You then head to the essential ‘craft’ water machine and attempt to finagle some more coins. The dollar takes and so does the coin return. It makes promising noises, as if it were dispensing change. Nothing comes out.
That machine ate your fucking dollar.
You're livid. You run to the janitor to see if he can aid in suppressing your mid-day hunger, but you conjure up a sliver of remorse; he works two jobs and you’re complaining about a dollar. You keep the problem to yourself and head to your car to scrounge for some change.
On your way, a man in ragged clothes passes you by with a cart full of aluminum and a loaf of bread. In your mind, the image of a French baguette materializes inside a brown sack. You then realize you’re hallucinating from the lack of Cheez-Its, because those only exist on TV.
Part of you wonders where he’s going, where he’s coming from. Another part of you feels pity for him. The rest of you feels rotten.
If you’ve read my stuff before, you know that I complain and interview people. That’s about it. I groan over things my privileged existence shouldn’t groan over. In fact, the first article I had published, “I Am Privileged,” was the entirely about the concept of complaining as a straight, white guy. Lately, I’ve realized that I need to cut back.
I graduated from Wright State three months ago and I started working at Greater Dayton Premier Management. It sounds impressive, but I just file things and sort through mail. You know, things I’m overqualified to do. But, that’s okay; I do truly feel, sometimes, that I’m making a difference in peoples’ lives.

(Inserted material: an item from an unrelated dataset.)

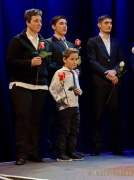 d180322-192126-930-100-sportlerehrung_muenchen d180322-192126-930-100-sportlerehrung_muenchen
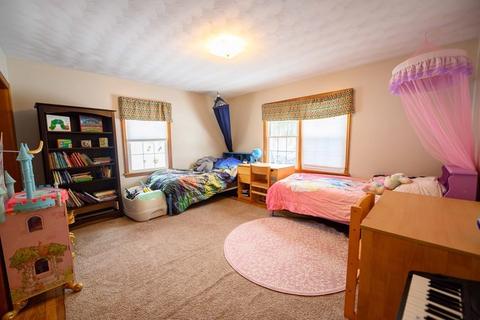 106 Greenwich Rd, Ware, MA 01082 photo 16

What this company does is give out housing vouchers for veterans, victims of domestic violence, the disabled, low income families, and the homeless. I go through different pieces of mail and determine if the applicants are eligible to go on to the next step in the process. Sometimes it’s hard to withdraw them, especially if the families are just slightly over income. Others, however, are withdrawn from the program for criminal charges, including sexual offenses. It’s a disturbing task at times, especially when dealing with the latter, but it can be rewarding. You’re helping people get their lives back in check. Maybe you aren’t the only factor, but you contribute to someone’s well-being in part. That’s certainly special.
A few weeks ago, they had me call a few applicants to attend a briefing, which is essentially the first step to get a voucher. I started out by informing them who I was and why I was calling, plus, snuck a little how are you today? in there. One woman responded with Crystal hasn’t had this phone for three years; why don’t you bother someone else? while another said I’m okay; just trying to stay warm.
I heard the wind through my headset. A chill tingled throughout hands. What she said was so impactful, but I felt hope in her voice when she thanked me for calling. Though we sometimes get people like Crystal’s mom to answer, there are some that know that we’re just trying to do a good thing.
It’s difficult getting the short straw. You want to feel like you’re the important one, that all eyes are on you or that some higher power is guiding you in the right direction. You want to get that housing voucher for a warm place to sleep. You want that loaf of bread so you can provide for yourself and family.
You want that bag of Cheez-Its.
Some problems are much larger than others. I've never dealt with those pressing issues, first hand. I've had a warm bed all my life. My parents showered me with toys as a kid and still support me as an adult. I was very lucky to have grown up the way I did. I am a privileged human being.
Still, I complain.
I worry about not succeeding with my degree, while others can only hope to go to college. We've all got different priorities.
I kept others' horrendous experiences in my peripherals, because I only cared about what was happening to me. Now, after seeing and hearing what folks have gone through, I’ve grown to empathize. The worst you can do is ignore the facts. Don't let them loom in the back of your mind. It'll haunt you. Open your eyes, just look at how privileged you might be. Not everyone gets to be so lucky.